I also added some non-ABA birds (what I call Code 0) that I am considering as being “in the bank” for future listing. (Yes, I know about the argument about whether or not “banking” those is “within the rules.”)

But I could have done so much better! I missed a bunch of what I considered easy birds and I had a very poor success rate on rarities in the fall of 2014; so much so that I got frustrated with chasing rarities and drastically scaled back my planned efforts. The main reason was the cost. I want my efforts to be true to the Birding on a Budget concept as much as possible. It will get harder and more expensive as time goes on.

But, what could have been done if I had had a bigger budget and a better success rate (due to that budget)? In other words, what was (and is) out there that I chased and missed or didn’t chase? It turns out that there are and have been quite a few rarities around. Unfortunately, I did not keep a day by day list, but I am starting one now. The purpose of this list is to show what was reported on eBird and NARBA that might have been chased. The main reason for doing this is to see if getting “enough” rarities each year was indeed possible or likely. The list will be called “The Chase List” and will appear under the “Life List” page with all the other lists.

My rules for this list are simple. Each year I will show each new species as it appears on the rare bird reports ONLY if I still need it for MY list. I will show whether or not I actually chased it, and whether or not I saw it. If another individual of the same species shows up at a different time and place during the same calendar year, I will note that in the original species entry but not add a new entry. Thus, the list will show how many rarities actually were out there per year for the next six years or so (or as long as I stay interested in the whole game!). I will start with what I remember of earlier in 2015, even though a month has already passed this year. (Sorry if I leave something out.)

I hope this new list will prove interesting and helpful in some way.

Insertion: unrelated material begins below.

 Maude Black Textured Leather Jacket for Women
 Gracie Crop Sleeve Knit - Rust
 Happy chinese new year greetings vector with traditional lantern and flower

South Texas Continues To Be Amazing!

The 2014-2015 winter season is shaping up to be a monster for rarities in South Texas.

After the relatively slow summer and fall seasons we experienced in North Carolina and New Mexico, respectively, we have had great luck in South Texas this winter. Since November, I have seen two first-for-the-state records (if accepted by the records committee) and two other “code birds” (birds with ABA rarity codes of 3 or higher). Amazing!

The latest is another gem from Estero Llano Grande State Park. The park itself and, more important, the great staff and volunteers there, make this park the very best in the Rio Grande Valley right now, IMHO. Thanks to Huck Hutchens for finding a Gray-crowned Yellowthroat!

My pictures aren’t great, but the bird sure is!

Interestingly, at the same time that I was looking at the yellowthroat, a male Blue Bunting was being reported at Laguna Atascosa. A similar situation occurred back in November when a Fork-tailed Flycatcher was seen at Laguna while everyone was looking for the Red-legged Honeycreeper at Estero. Laguna Atascosa NWR is definitely my runner-up pick for Valley hotspots this season. (Unfortunately, I missed the Blue Bunting when I went to look the morning after seeing the yellowthroat.)

It seems that good birds come in bunches down here this year.